I still like the cartier but I can't justify spending that much money on a Watch that I would not be going to use on a regular basis.(I am 24 years old btw)

Thank you all for your help!


----------



## Stromboli

I feel that now days "All" watches and timepieces are overpriced. I just recently have been looking at the Cartier Tank Solo timepieces as I one day desire to have one within my soon to be humble collection of timepieces. The Tank Solo is not too bad price wise, don"t get me wrong I very well wouldn't be able to just go into a AD and plop down my credit card or for that matter a stack of Jackson's. However I have been carefully looking within the after market pre-owned timepiece sector and am finding myself somewhat impressed at what I'm viewing. I might be one day purchasing a pre-owned Cartier Tank Solo. Some of them are really looking nice and the purchase dates are not that old either. It seems to me that some of the sellers just are not clicking with their timepieces as they once did. But to add to your post, I do feel that all watches and timepieces are getting up in price. I was speaking with my friend not too long ago of the same thing and he attributes this increase in price's to the technical advancements of different parts that are incorporated into the timepieces being made now days. AKA, "Technical Advancements" to the industry. I was just watching You Tube the other day and a highly respected person was speaking of a technical advancement of their main springs. I respect the man who was speaking and he is a big fan of mine. Not to mention that this is a breakthrough in advancement, but this kind of advancement would only benefit a "Mountain Climber" in the alps, or someone taking core samples of "Molten "Lava. In the end it will cost both you and me. Unfortunately something that probably will not affect someone else's timepiece due to the normal like conditions it probably see's on a daily basis. Oh well, just go with the flow right?

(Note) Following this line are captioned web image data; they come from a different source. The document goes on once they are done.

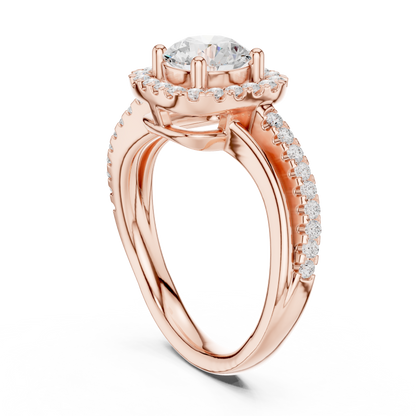 Round Halo Split Shank Lab Grown Diamond Ring - View 11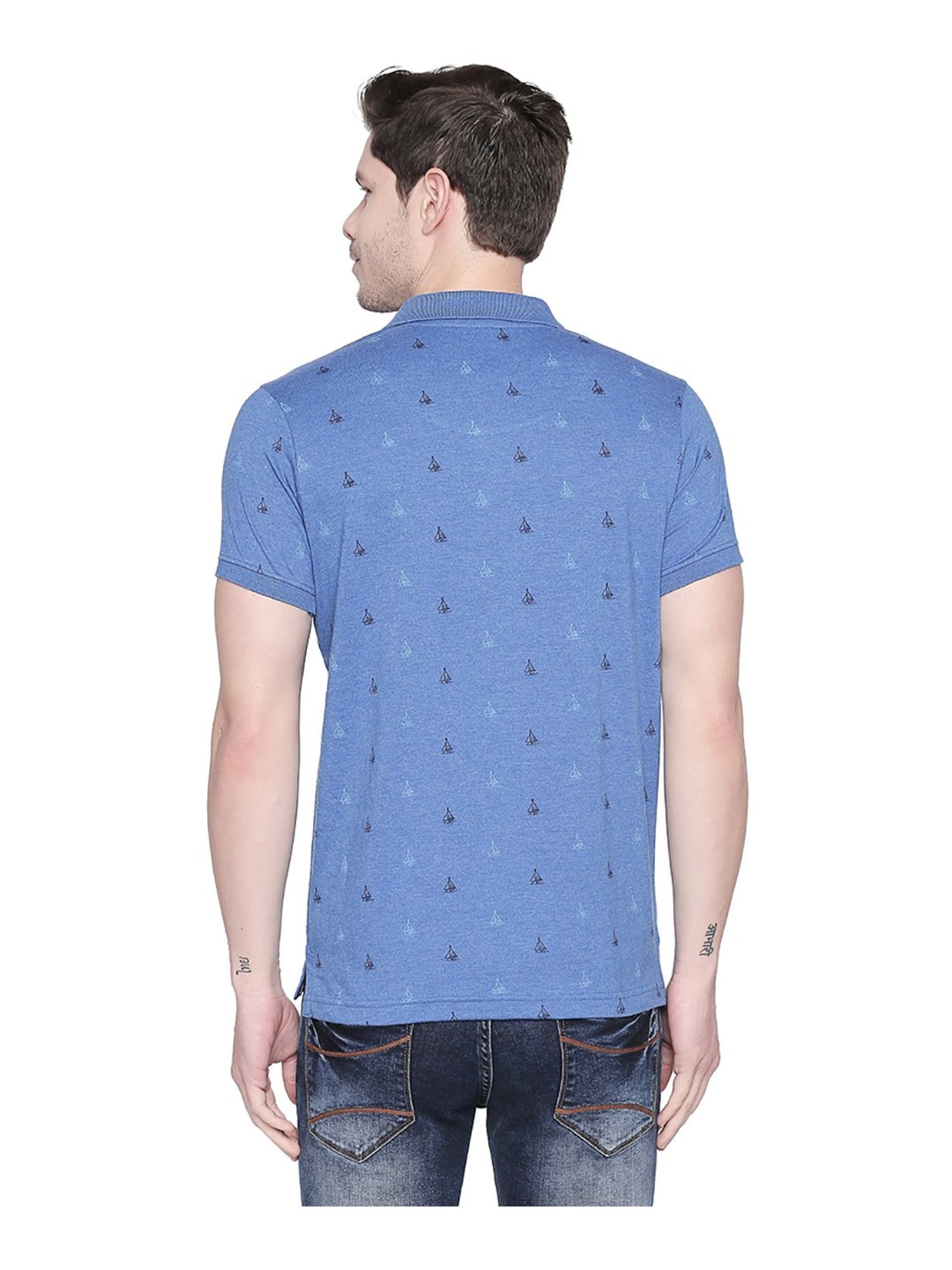Basics Blue Printed Polo T-Shirt
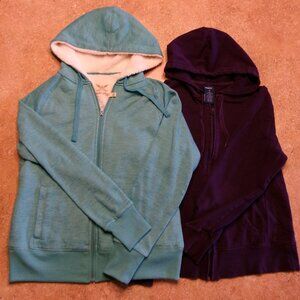 2 Zipper Sweatshirt Hoodies 1 - Purple Reebok 1 - Blue / Teal Faded Glory Medium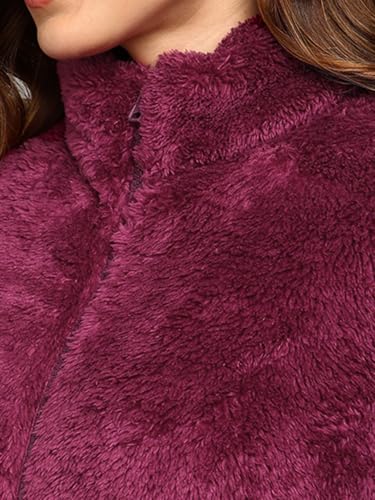 Image of Alan Jones Clothing Women's Fluffy Yarn Fleece Full-Zip Jacket | Soft Lightweight Warm Outerwear with Stand Collar & Piping at Hem & Cuffs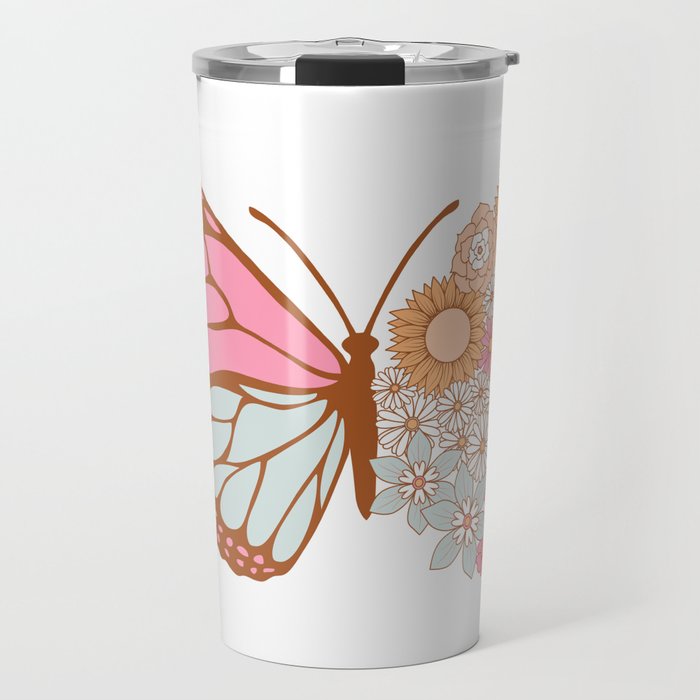 Vintage Floral Butterfly Travel Mug Gallery Image 1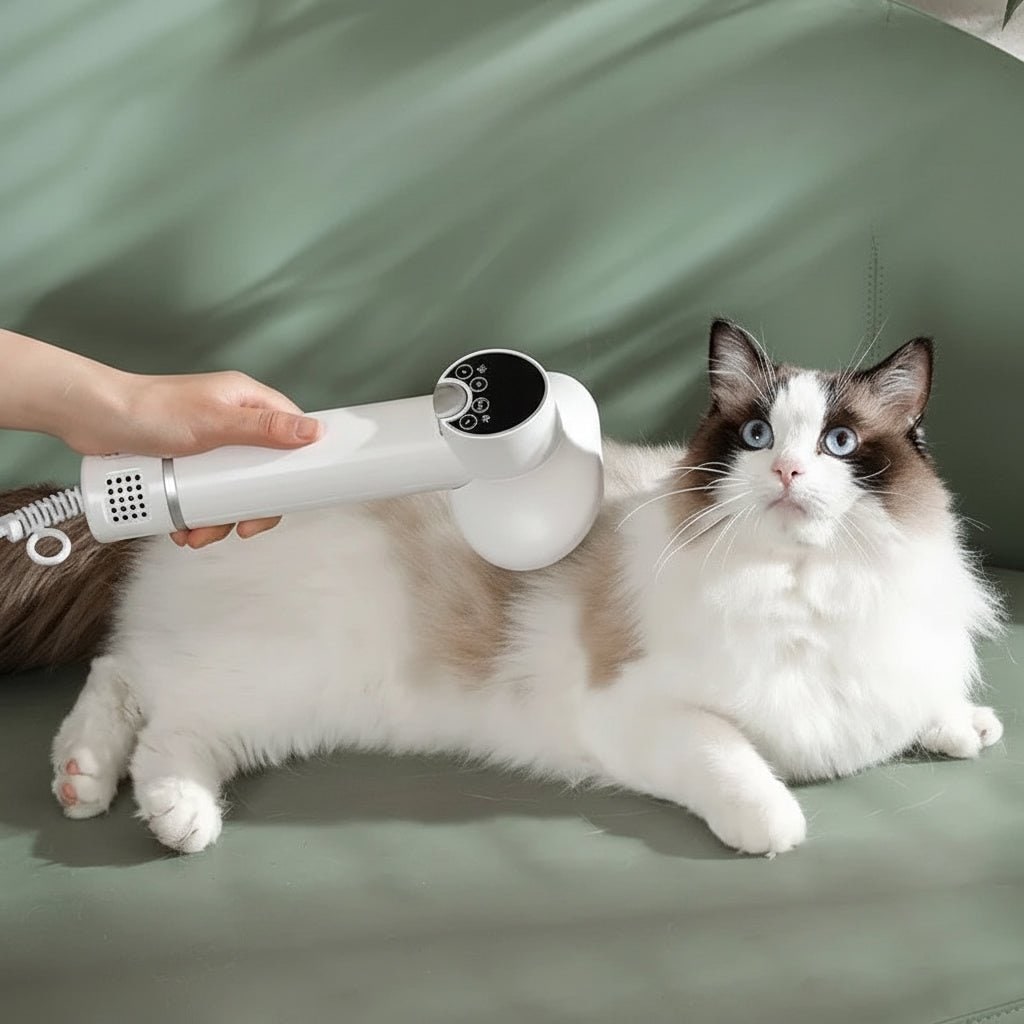 Secador digital de pelo para mascotas 2 en 1 con cepillo alisador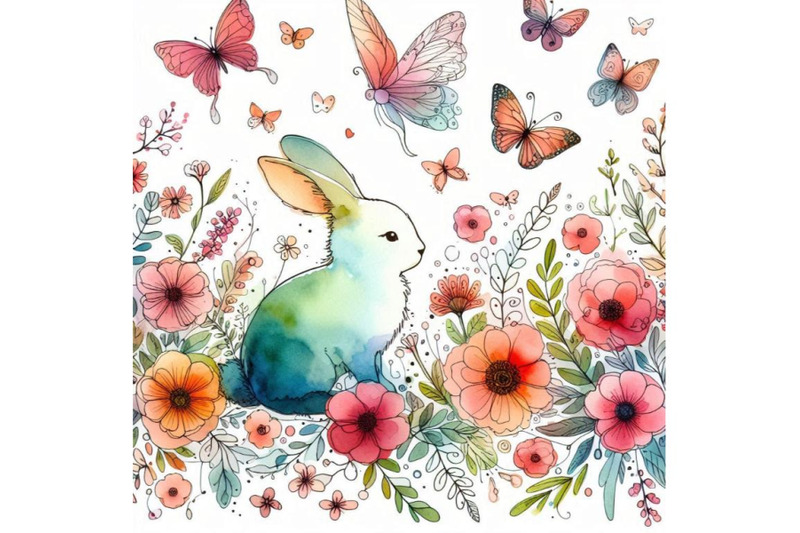 watercolor-bunny-flowers-and-butterflies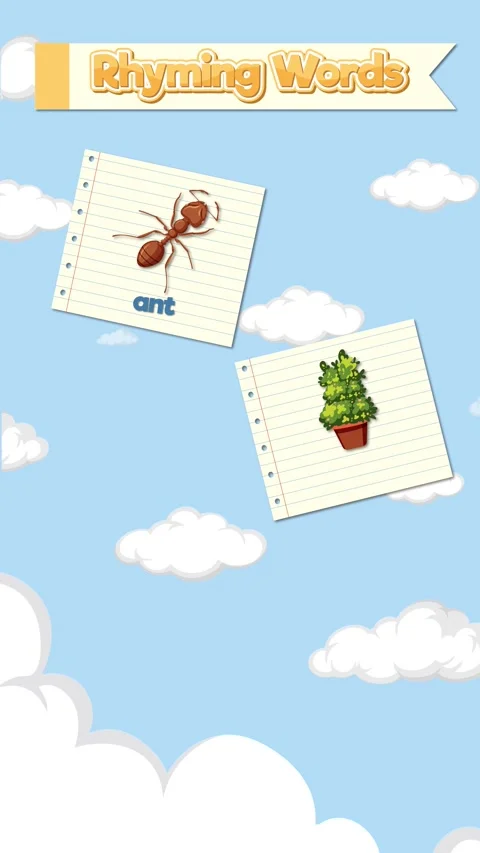 Vertical Animation Displaying Rhyming Words with Illustrations and Text Stock Footage 330093275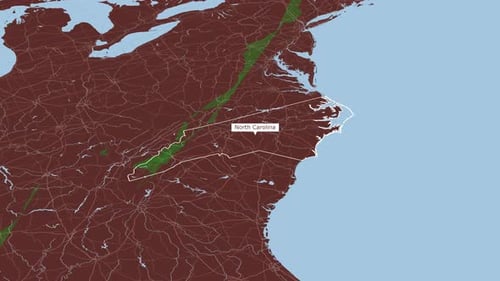 Animated North Carolina State Map Outline Reveal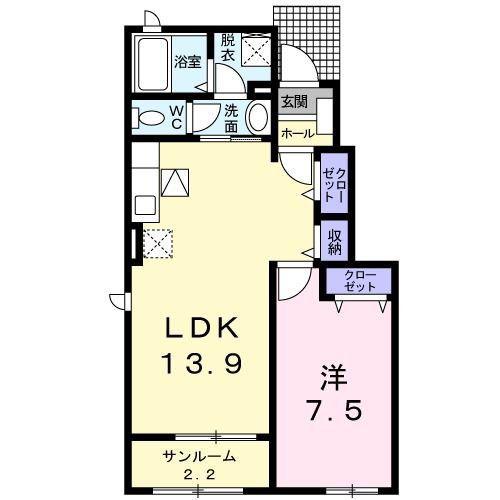 T・フロムI(1LDK/1階)の間取り写真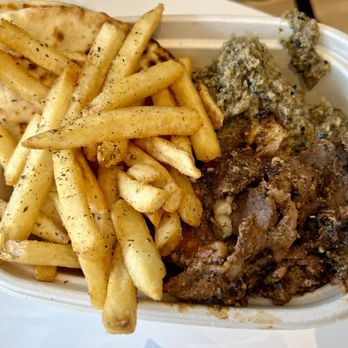 Greco - Lamb Plate with seasoned Greco Fries and charred eggplant - Salad Near Me - Washington, DC, District of Columbia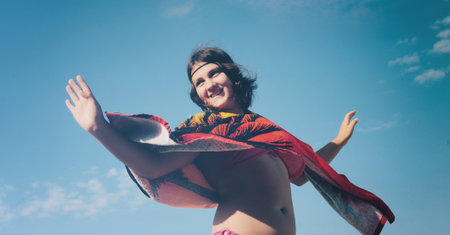 Girl on a blue sky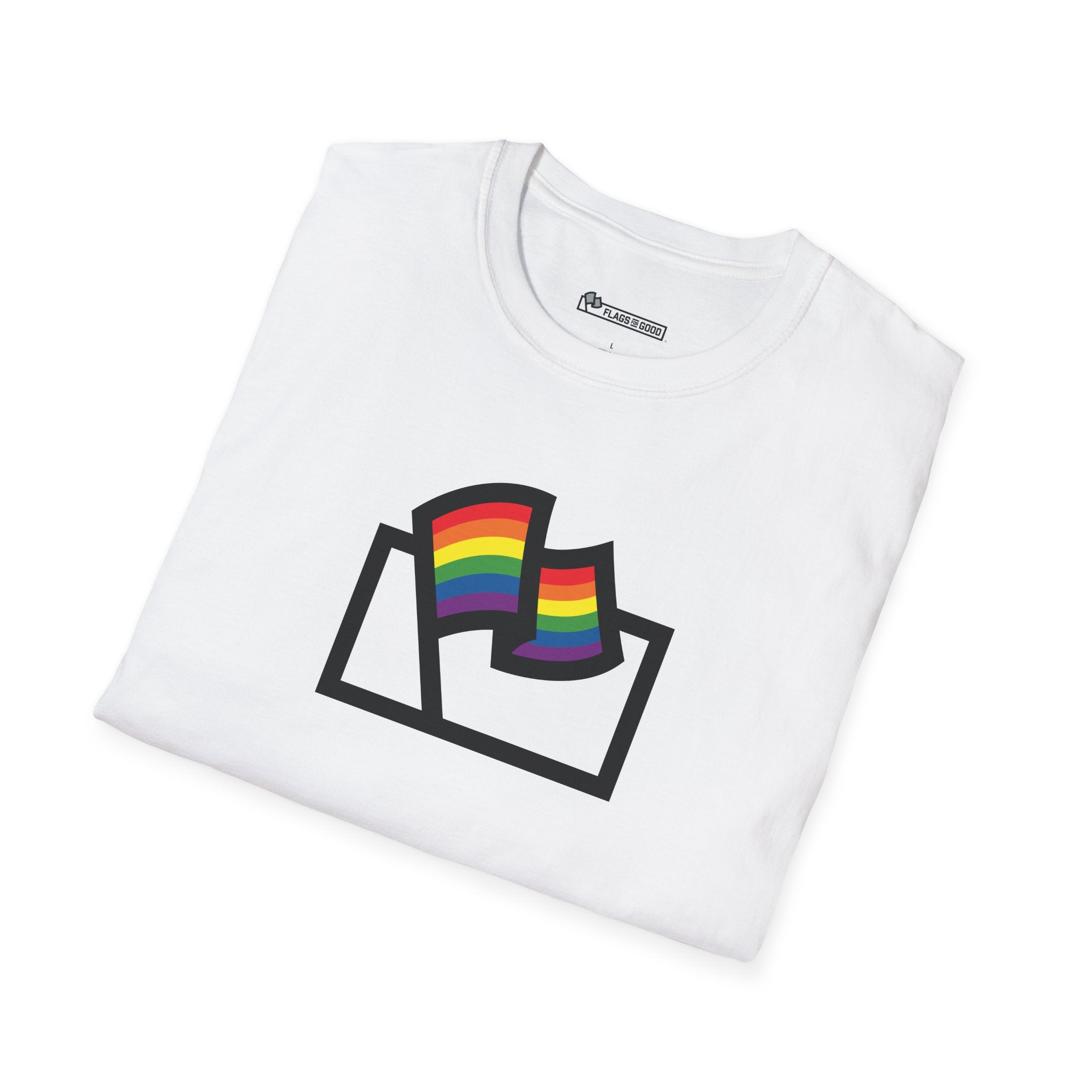 Rainbow LGBTQ+ Pride Flag Logo Tee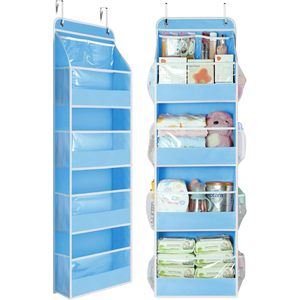 Organisateur suspendu à 5 niveaux bleu avec 14 poches et fenêtres transparentes pour placard, salle de bain, chambre à coucher - Product Image 1
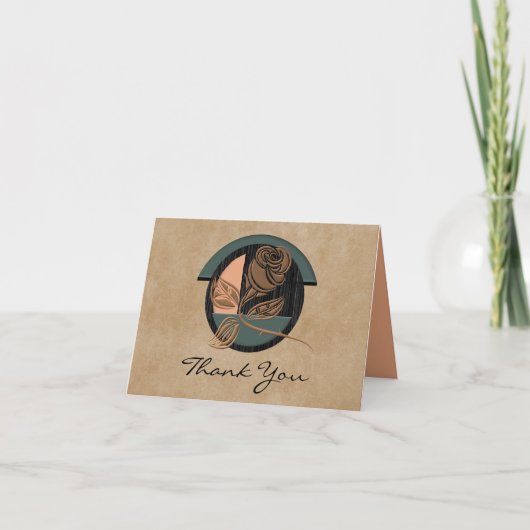 Carte de remerciements Rose en cuivre Zen (Devant)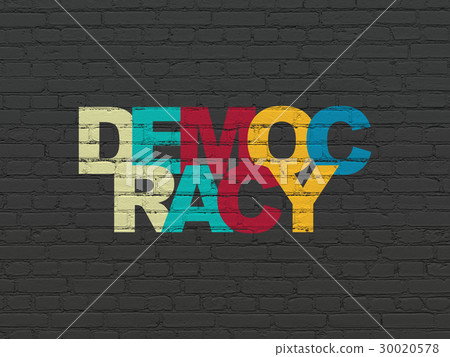 Political concept: Democracy on wall background 30020578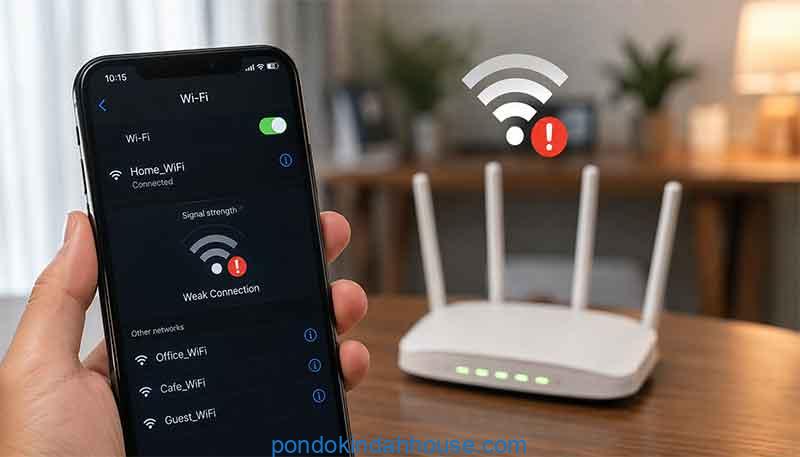 kenapa sinyal wifi di hp lemah padahal dekat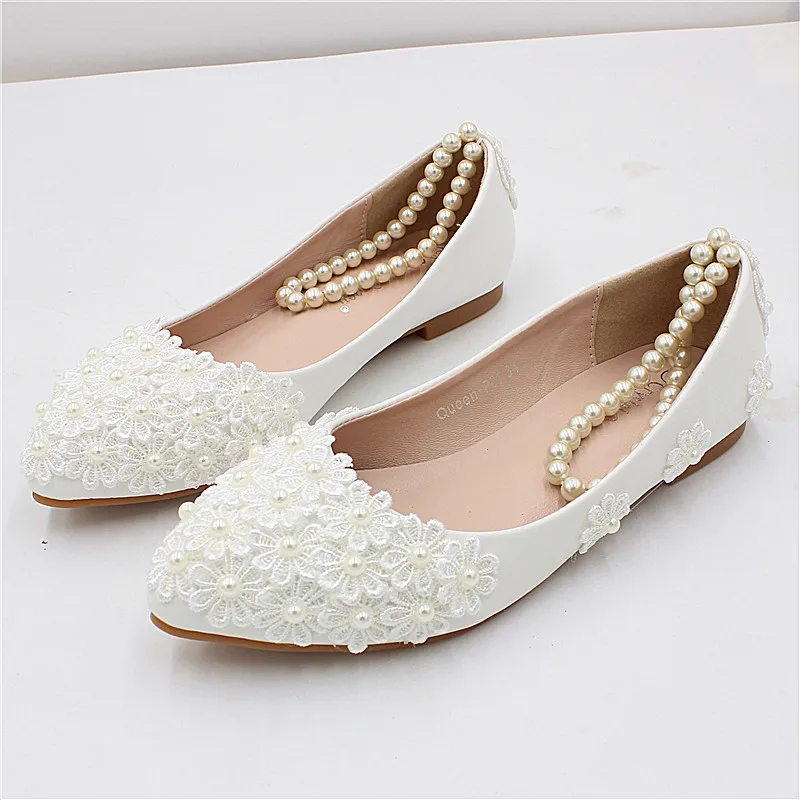 Sorbern Wedding Shoes Flatlace Beaded Ankle Strap Bridesmaid Shoes Casual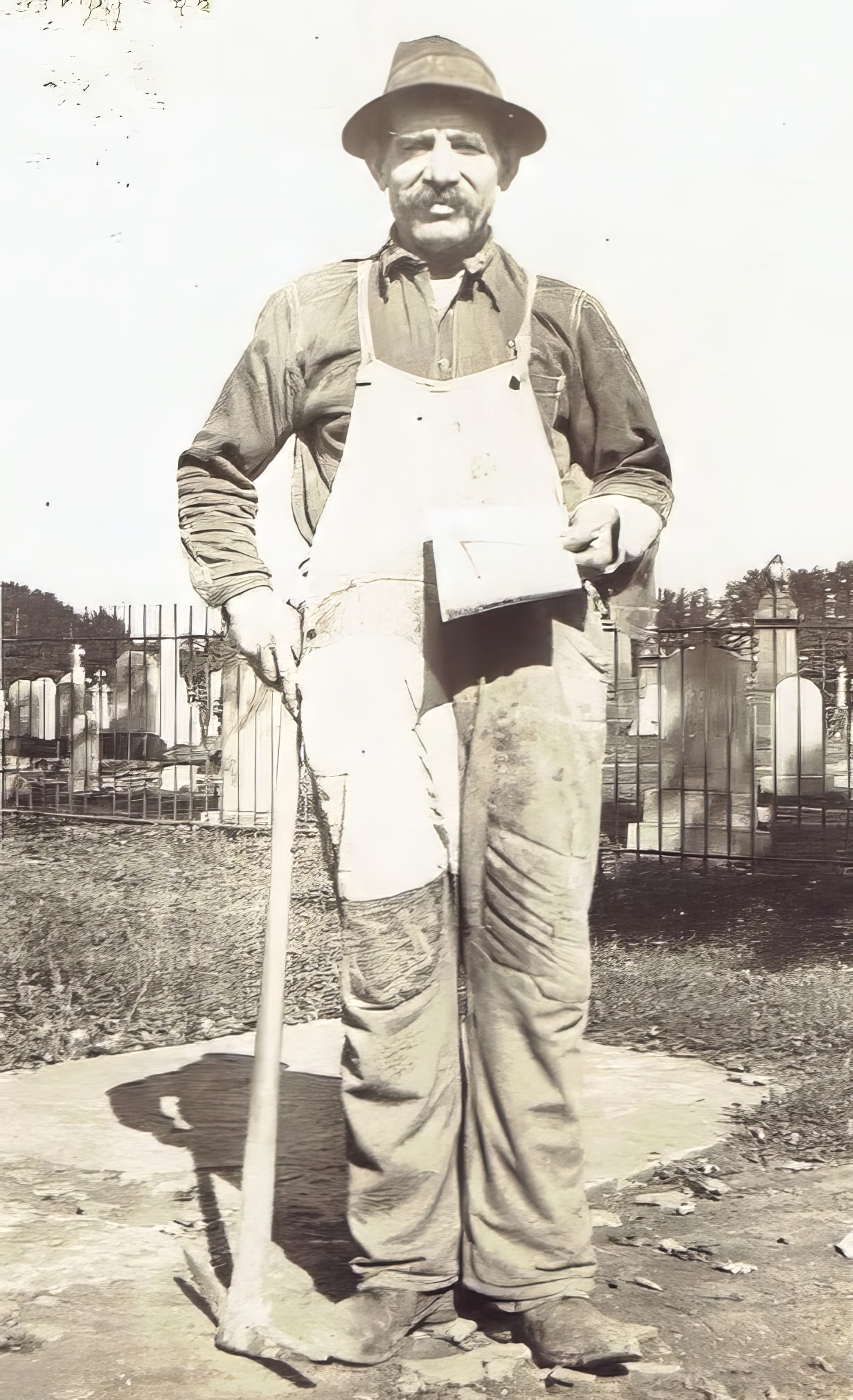 #18 Tony Pacello, a participant in the Liberty Bond campaign to support the Allies in World War I, standing near St. Patrick’s Cemetery, Geneva, circa 1917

Hey, check out the article on this forum entitled. "Reduction In Wait Times For Watch Servicing Repair And The Disturbing Reality Of What It Means For You" by Ashton Tracy. Could I give you a hint . . . *$ $ $ $ $ $ $*.


----------



## Lunar Vollkalender

My dad and I currently are looking together at getting an heirloom watch for him for his retirement, and we keep coming back to Cartier (specifically, a Tank, or possibly a new Santos). I have had the same thoughts as the OP, wondering whether the watches are “worth“ the rather high markup, given what’s actually inside of them, the lack of an exhibition caseback in many models, etc. I looked seriously at a Hydroconquest some time ago, and have tried on a Ballon Bleu, and ultimately I do not consider them to be comparable, regardless of whether they have the same basic movement inside of them. The Hydroconquest is nice, but it’s no Cartier. Ultimately, there is a reason why Cartier can charge what it does for what it offers and still sell thousands of watches year in and year out. There is a reason why their popular models do not sell for much of a discount, even on the grey market. I would venture to say that if you asked a random person on the street (in the United States, at least) to name two luxury watch brands, most would say Rolex first, but many would say Cartier second (the alternatives probably being Breitling or TAG Heuer). I understand why people say that they think of Cartier as more of a jewelry brand nowadays, but ultimately you can’t argue with the fact that the Santos was the first wristwatch, and the Tank is one of the most iconic watches in history. That’s serious heritage, at least in my opinion.


----------



## SLWoodster

Cartier - a great brand, likely will be around for centuries. A great heirloom brand that appeals to both genders if you are looking to pass it down. Specific to the Ballon Bleu, most are ETA movement, extremely reliable and serviceable but not really anything special. Search on chrono24 for used prices and you can easily see how much it will depreciate the moment you put it on. 

Based on your comments, I think you should just bite the bullet and get an entry stainless Rolex or a Tudor Black Bay. It will fit in with your "high roller" aspirations, movements are in house now so that will beat any "ETA", the value of the watch will definitely hold or appreciate over time, warrantied for 5 years.

Longines is a storied brand but most models will not retain its value as well. Most of its achievements are over looked because of where it sits in the brand prestige rankings. It's a more serious watch maker than Cartier but not really comparable. Longine's comps are Tag, Baume &M, Breitling... maybe even Rado. Solid watch though.


----------